Copy only the lines from the one with "I Take Game Night Seriously Board Game Bag" through the end of the records, exactly as they stand. No pictures belong in the copy.

* * * * * * * * *

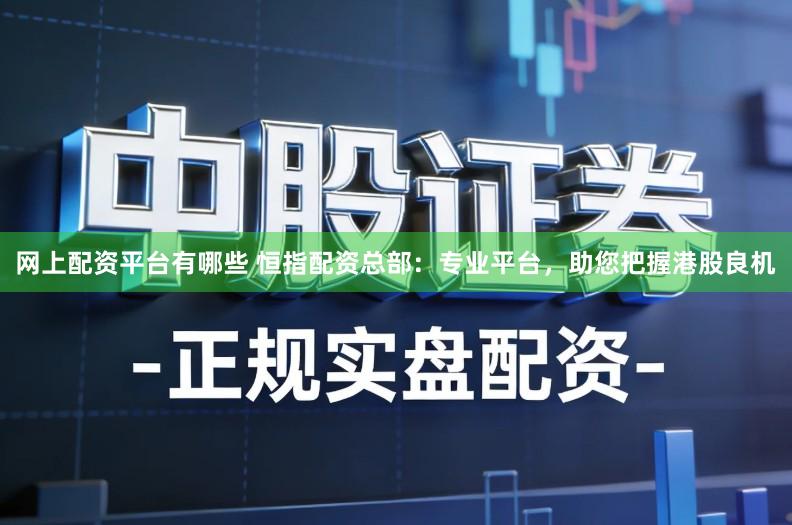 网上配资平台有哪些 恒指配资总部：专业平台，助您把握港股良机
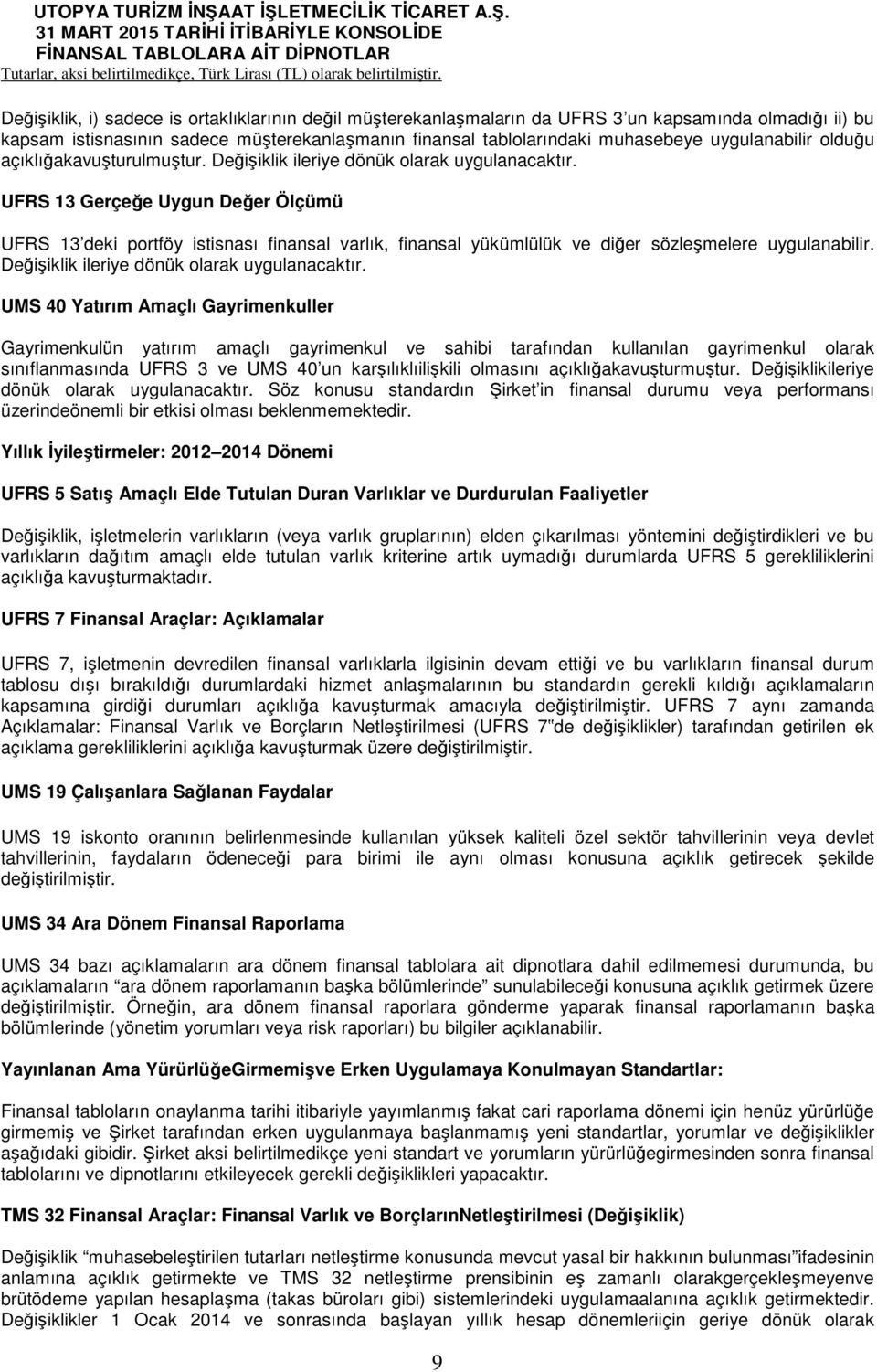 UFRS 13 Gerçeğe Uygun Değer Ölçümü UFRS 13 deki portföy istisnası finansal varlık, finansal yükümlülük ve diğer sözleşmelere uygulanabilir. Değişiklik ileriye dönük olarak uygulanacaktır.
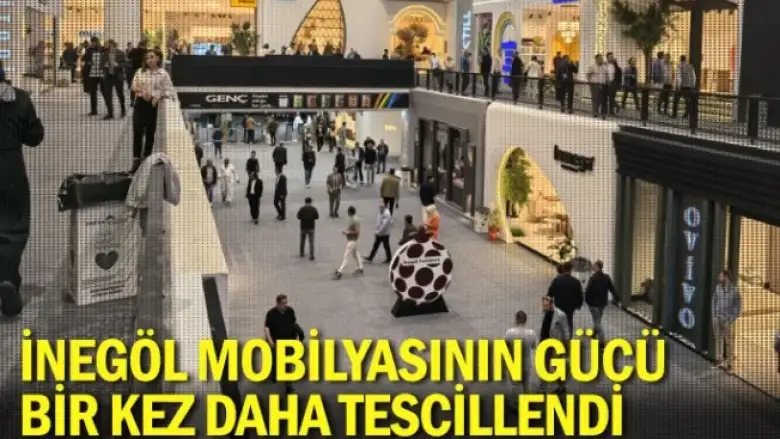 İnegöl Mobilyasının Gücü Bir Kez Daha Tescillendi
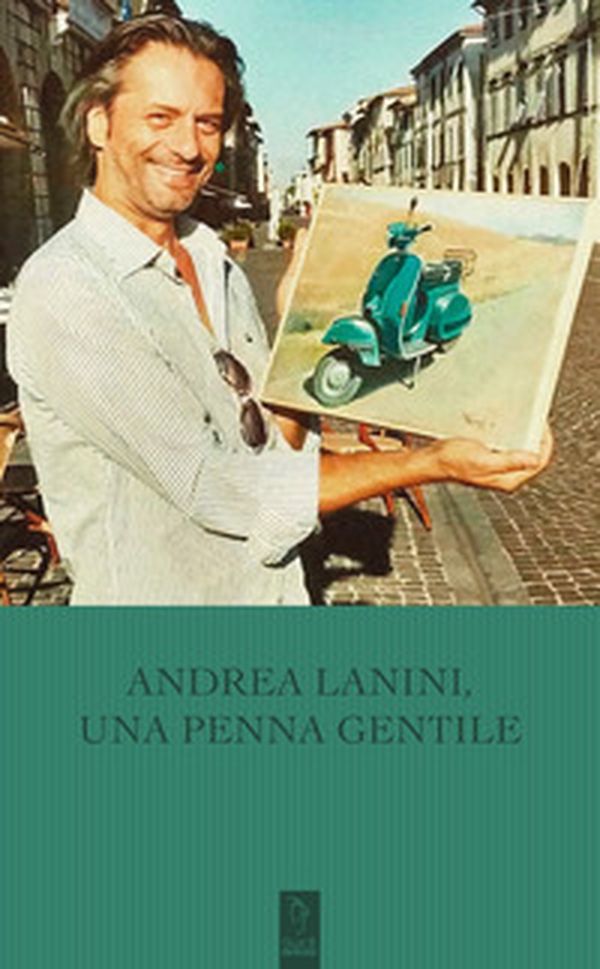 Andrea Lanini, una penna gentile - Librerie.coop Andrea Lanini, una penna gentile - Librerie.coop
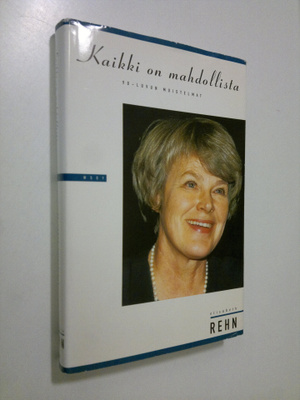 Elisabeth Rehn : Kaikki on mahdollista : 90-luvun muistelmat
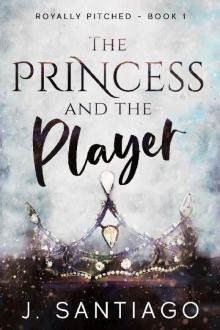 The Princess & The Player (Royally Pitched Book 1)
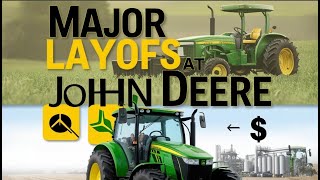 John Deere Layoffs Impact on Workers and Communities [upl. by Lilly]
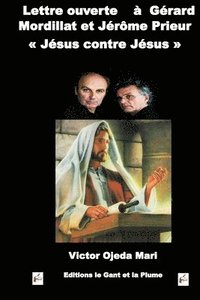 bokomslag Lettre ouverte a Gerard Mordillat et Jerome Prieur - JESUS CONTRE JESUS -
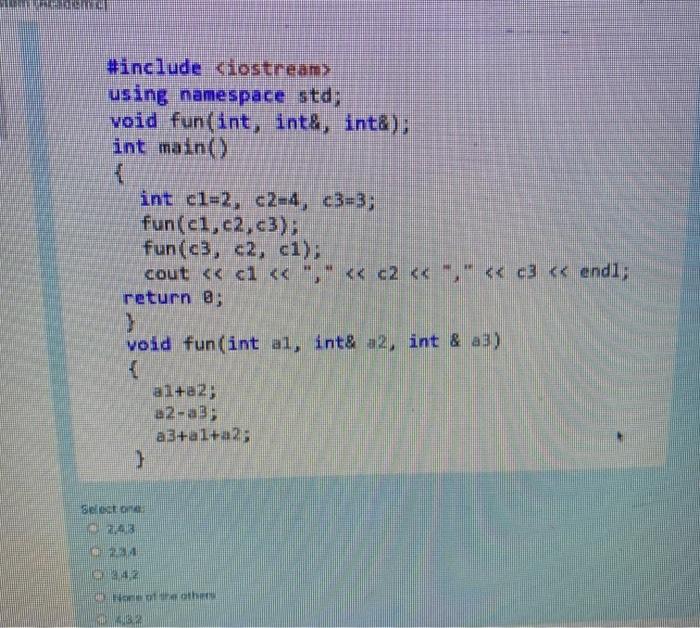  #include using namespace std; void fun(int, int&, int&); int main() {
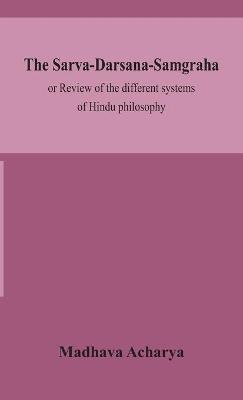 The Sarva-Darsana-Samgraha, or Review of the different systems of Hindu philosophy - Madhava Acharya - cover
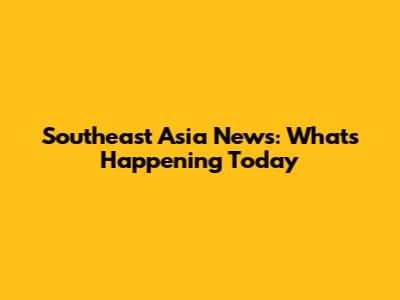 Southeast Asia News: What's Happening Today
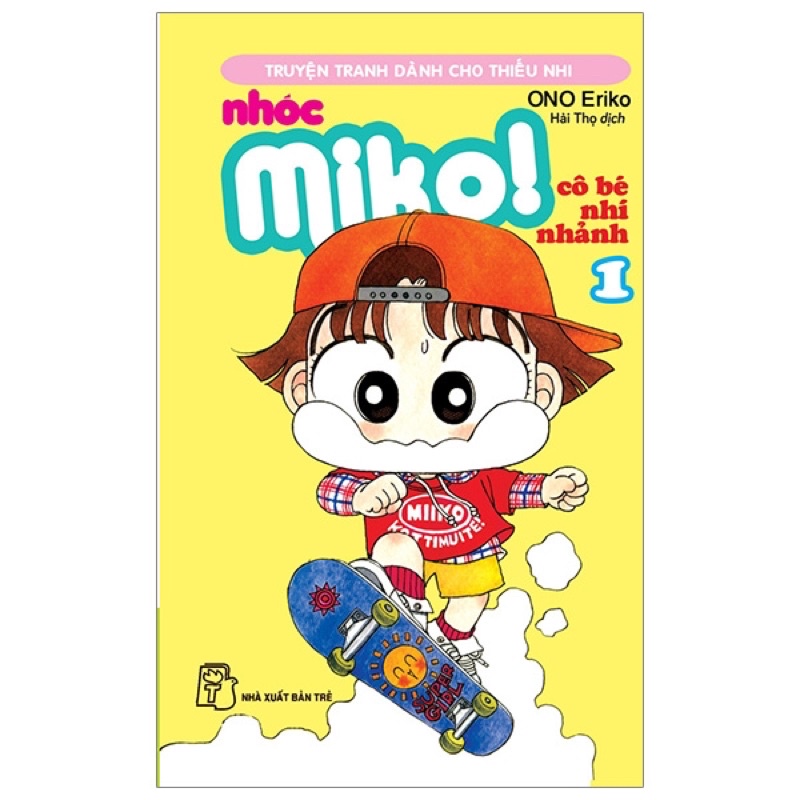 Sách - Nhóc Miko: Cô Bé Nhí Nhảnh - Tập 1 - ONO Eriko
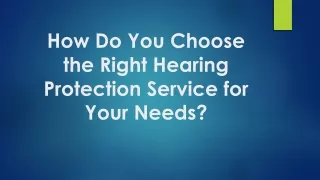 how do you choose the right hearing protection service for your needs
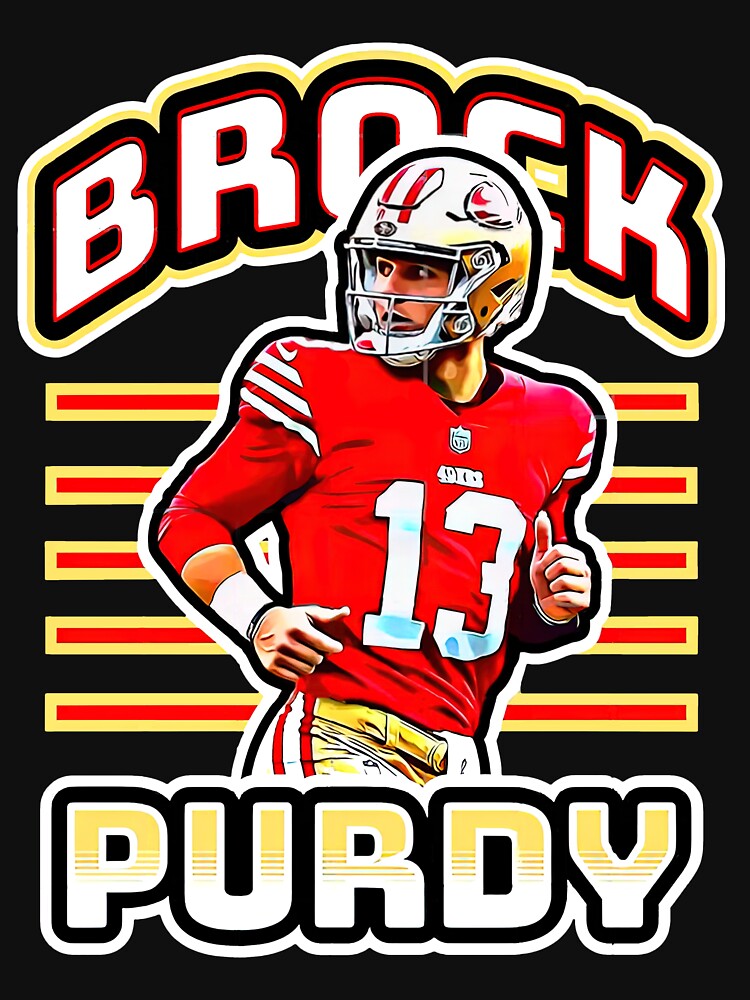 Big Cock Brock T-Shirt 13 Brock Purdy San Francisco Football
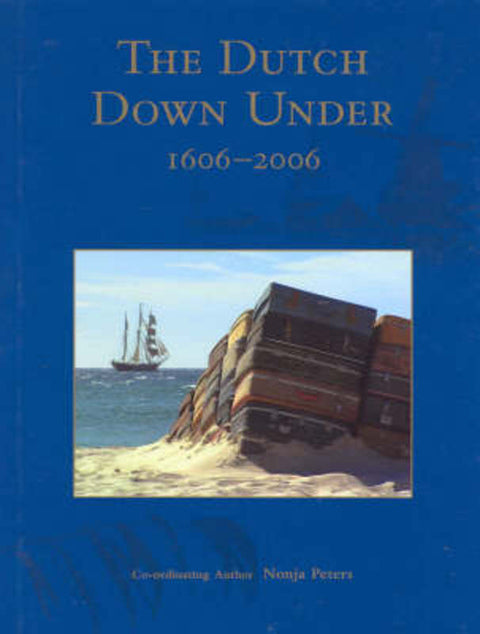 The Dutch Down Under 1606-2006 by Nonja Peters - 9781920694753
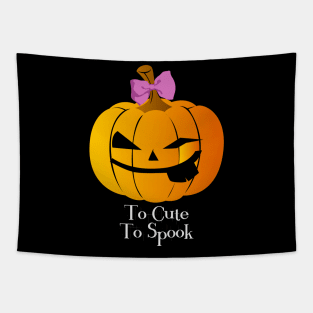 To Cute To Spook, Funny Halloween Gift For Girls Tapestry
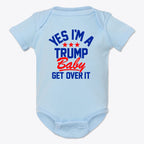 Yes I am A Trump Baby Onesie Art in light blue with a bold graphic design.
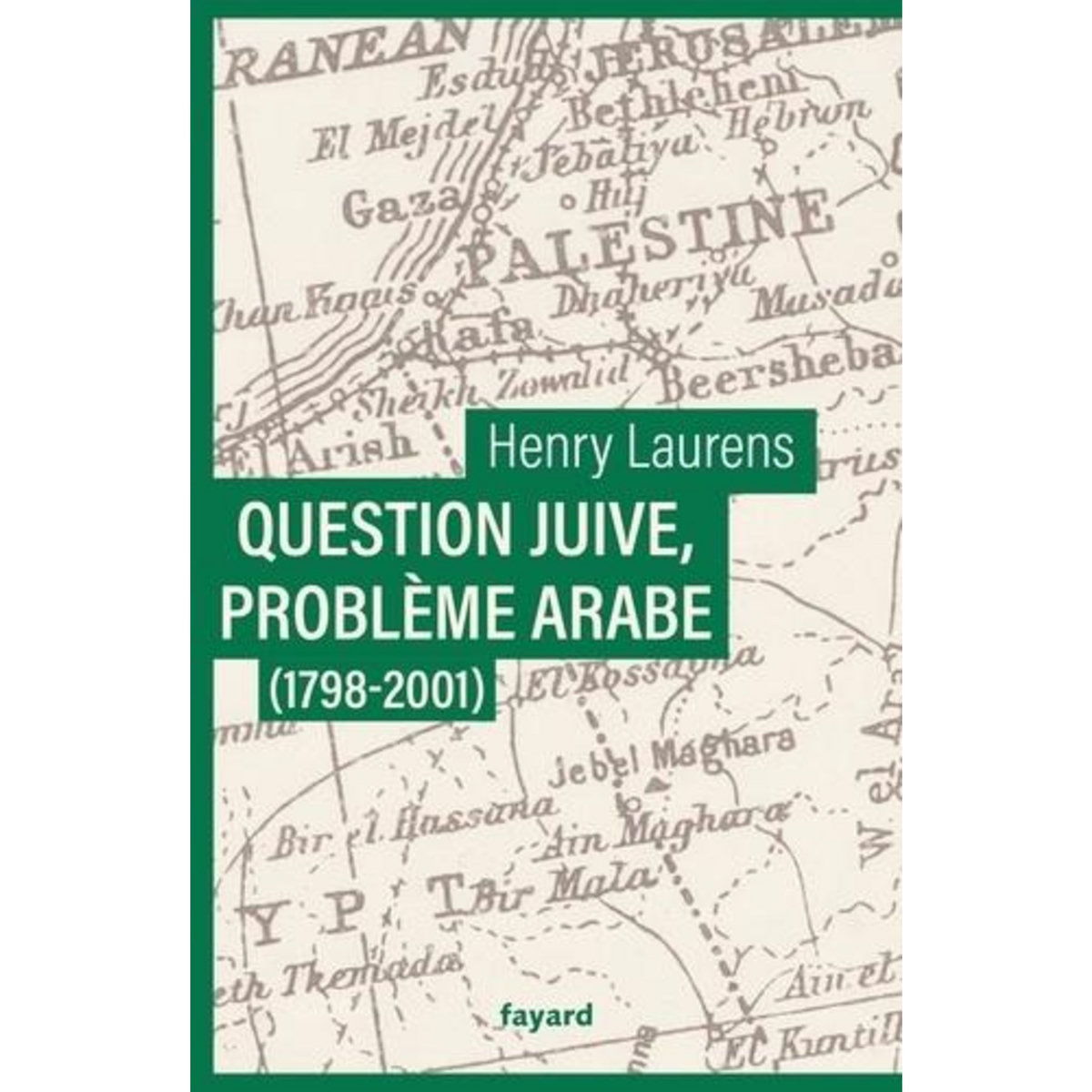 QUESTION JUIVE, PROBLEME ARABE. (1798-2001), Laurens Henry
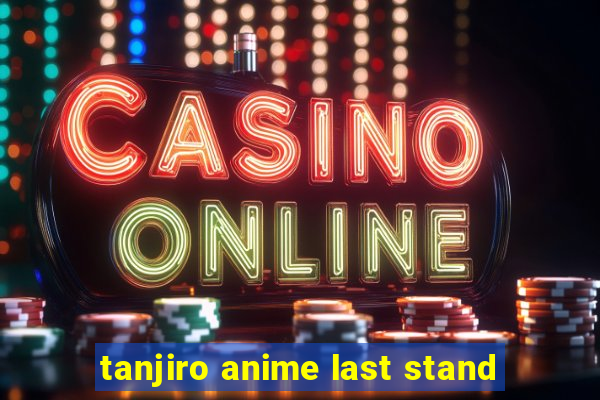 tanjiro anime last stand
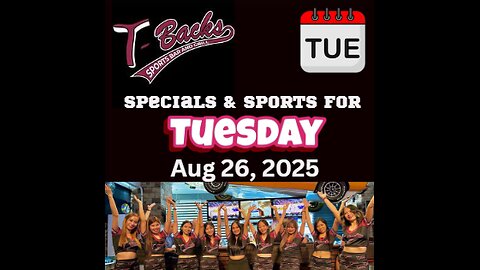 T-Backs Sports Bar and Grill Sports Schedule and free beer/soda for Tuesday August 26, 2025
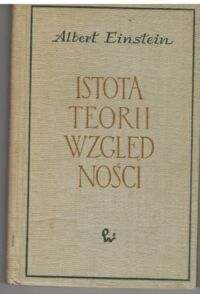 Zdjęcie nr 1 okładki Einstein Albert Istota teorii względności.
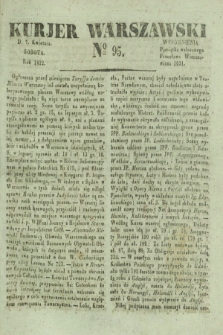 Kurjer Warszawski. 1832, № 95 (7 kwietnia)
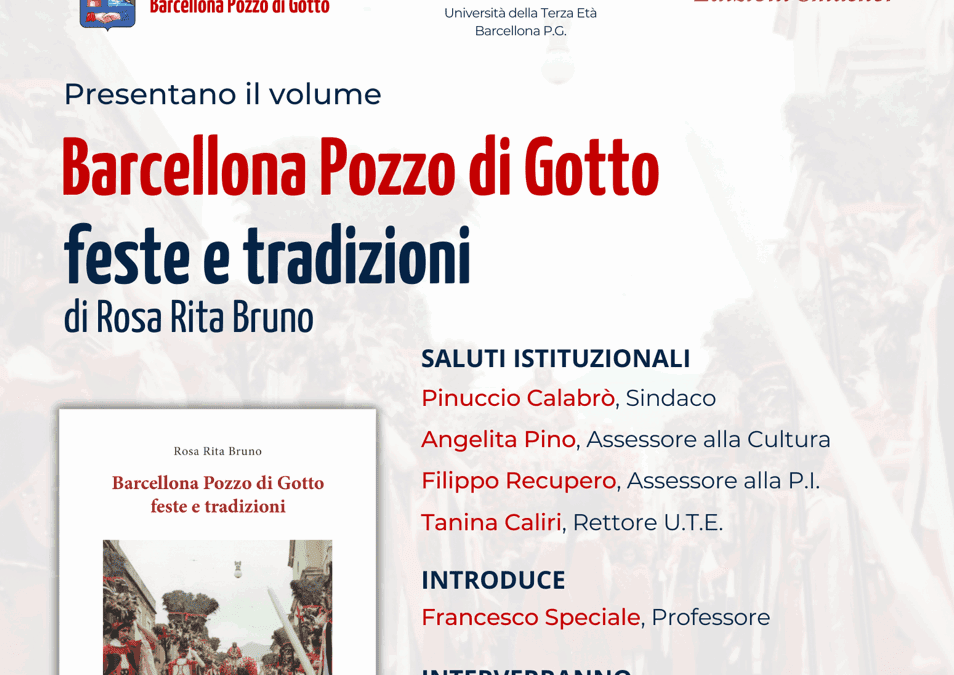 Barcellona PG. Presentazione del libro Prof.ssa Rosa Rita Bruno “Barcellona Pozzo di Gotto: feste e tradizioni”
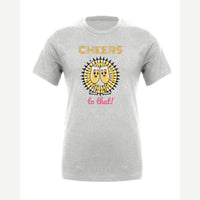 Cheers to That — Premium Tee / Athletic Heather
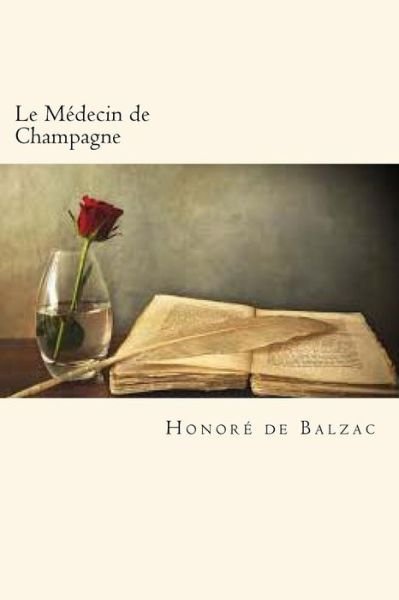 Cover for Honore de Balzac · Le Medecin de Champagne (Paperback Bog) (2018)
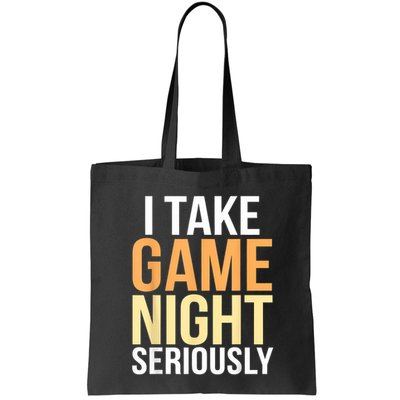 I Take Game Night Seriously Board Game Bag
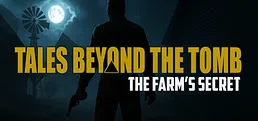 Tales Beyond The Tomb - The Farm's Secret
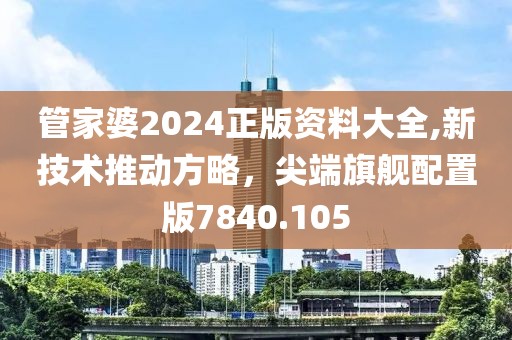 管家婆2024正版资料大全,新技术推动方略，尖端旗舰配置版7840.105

* * * * * * * * *

◆ **Result of this task**
 I Take Game Night Seriously Board Game Bag
 Tales Beyond The Tomb - The Farm's Secret
 管家婆2024正版资料大全,新技术推动方略，尖端旗舰配置版7840.105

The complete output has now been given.